## Exercise aim
Repeat exactly the lines from the start of the material below up to and including the "ghana/gwira/shop/nhira-boutique" line.

## Available records
+ + + + + + +

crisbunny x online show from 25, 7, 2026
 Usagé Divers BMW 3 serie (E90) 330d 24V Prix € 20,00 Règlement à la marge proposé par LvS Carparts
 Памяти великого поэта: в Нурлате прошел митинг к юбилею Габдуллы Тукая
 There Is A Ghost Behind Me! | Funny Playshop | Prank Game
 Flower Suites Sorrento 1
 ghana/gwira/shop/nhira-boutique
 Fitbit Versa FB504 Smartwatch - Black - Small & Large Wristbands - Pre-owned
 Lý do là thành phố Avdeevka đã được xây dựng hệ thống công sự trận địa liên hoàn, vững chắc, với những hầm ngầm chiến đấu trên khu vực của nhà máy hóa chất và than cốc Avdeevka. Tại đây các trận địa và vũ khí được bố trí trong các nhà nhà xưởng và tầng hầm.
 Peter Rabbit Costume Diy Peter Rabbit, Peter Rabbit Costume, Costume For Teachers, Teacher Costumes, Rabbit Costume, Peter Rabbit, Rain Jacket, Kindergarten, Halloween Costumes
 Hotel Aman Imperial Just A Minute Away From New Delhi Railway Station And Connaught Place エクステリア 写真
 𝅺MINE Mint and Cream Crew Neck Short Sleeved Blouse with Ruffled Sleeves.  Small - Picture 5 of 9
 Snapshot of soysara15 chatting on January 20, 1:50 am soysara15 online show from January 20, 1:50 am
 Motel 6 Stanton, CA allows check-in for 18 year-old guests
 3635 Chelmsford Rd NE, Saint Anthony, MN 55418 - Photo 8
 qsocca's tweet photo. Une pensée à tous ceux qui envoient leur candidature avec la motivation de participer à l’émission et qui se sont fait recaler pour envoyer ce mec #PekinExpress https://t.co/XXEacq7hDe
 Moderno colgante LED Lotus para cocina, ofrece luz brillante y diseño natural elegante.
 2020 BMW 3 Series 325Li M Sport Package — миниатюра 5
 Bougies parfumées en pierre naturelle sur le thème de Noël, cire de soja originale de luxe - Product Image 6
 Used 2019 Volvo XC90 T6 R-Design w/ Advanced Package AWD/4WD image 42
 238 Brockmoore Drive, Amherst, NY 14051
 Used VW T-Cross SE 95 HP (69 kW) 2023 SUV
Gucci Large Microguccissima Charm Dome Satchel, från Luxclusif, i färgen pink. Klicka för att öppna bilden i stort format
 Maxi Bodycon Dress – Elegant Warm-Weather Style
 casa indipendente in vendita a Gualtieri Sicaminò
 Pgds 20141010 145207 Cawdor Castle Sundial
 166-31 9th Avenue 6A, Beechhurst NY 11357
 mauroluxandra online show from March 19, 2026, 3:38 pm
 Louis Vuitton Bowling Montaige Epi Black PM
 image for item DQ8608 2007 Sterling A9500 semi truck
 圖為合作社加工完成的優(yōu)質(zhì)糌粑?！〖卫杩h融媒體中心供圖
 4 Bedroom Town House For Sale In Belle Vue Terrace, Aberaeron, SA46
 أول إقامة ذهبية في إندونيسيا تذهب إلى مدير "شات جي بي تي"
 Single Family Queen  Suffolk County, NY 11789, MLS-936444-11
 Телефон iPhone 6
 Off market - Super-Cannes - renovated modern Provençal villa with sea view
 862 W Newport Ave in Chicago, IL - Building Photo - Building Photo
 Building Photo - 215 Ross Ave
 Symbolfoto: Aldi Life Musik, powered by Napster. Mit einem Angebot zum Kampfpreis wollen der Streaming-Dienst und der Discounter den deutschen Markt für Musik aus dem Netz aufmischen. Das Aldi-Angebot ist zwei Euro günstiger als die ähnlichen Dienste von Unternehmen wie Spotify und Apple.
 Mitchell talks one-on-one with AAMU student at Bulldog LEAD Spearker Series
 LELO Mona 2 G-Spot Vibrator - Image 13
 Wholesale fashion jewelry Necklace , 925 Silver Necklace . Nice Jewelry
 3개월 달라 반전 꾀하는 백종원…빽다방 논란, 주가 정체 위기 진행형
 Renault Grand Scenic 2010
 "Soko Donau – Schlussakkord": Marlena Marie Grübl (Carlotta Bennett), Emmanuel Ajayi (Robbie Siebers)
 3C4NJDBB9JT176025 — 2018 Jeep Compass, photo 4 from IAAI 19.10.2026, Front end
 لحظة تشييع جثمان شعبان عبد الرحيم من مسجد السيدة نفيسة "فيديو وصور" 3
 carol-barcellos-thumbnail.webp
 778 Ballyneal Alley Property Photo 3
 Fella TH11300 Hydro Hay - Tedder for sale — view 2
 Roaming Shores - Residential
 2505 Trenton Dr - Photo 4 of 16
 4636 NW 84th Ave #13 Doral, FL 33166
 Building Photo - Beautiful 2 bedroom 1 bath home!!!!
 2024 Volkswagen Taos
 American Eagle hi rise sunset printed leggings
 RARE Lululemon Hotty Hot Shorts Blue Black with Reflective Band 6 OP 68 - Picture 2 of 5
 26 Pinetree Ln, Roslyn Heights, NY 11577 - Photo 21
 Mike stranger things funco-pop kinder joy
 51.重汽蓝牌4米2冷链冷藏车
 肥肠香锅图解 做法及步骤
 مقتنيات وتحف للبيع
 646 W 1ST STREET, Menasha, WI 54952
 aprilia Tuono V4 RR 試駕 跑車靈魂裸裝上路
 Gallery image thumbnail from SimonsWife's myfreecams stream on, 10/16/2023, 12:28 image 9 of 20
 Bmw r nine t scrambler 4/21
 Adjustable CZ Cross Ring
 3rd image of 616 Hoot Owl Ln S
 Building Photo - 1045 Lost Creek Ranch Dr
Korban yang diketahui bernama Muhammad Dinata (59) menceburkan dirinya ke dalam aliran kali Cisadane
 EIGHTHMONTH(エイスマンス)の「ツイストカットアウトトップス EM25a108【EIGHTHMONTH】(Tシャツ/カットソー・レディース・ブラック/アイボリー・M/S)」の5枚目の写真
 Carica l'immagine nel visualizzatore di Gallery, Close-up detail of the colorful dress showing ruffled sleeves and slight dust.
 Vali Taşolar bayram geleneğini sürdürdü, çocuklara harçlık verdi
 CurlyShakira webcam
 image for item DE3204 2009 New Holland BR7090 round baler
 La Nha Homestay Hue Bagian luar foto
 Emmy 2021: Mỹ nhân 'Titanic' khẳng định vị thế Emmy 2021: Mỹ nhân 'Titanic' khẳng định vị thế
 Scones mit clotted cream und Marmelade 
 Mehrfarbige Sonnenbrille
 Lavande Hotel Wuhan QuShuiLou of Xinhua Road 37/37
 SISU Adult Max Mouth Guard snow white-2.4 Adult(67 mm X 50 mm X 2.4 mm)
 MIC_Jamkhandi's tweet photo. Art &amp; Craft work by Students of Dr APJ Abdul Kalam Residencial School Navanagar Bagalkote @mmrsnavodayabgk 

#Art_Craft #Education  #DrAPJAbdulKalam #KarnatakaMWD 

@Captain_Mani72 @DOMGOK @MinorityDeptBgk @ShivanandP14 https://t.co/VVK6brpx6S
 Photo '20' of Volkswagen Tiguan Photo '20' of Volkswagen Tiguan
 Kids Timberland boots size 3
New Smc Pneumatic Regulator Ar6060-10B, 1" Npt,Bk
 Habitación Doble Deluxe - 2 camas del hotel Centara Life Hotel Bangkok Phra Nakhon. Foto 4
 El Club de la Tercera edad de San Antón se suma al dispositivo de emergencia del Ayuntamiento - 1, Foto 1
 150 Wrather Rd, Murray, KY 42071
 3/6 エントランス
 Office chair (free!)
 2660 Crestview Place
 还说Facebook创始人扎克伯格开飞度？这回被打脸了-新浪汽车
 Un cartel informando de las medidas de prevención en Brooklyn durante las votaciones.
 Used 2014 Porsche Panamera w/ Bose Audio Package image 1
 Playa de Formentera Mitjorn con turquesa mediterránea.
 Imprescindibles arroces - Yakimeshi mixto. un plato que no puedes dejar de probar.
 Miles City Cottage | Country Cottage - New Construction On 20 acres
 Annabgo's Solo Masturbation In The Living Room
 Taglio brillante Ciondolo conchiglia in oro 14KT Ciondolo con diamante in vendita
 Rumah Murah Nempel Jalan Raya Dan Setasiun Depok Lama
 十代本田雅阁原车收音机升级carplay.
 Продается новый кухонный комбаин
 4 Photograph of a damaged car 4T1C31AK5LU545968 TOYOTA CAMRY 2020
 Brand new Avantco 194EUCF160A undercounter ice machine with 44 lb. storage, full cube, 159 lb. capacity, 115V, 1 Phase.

+ + + + + + +

## Output
crisbunny x online show from 25, 7, 2026
 Usagé Divers BMW 3 serie (E90) 330d 24V Prix € 20,00 Règlement à la marge proposé par LvS Carparts
 Памяти великого поэта: в Нурлате прошел митинг к юбилею Габдуллы Тукая
 There Is A Ghost Behind Me! | Funny Playshop | Prank Game
 Flower Suites Sorrento 1
 ghana/gwira/shop/nhira-boutique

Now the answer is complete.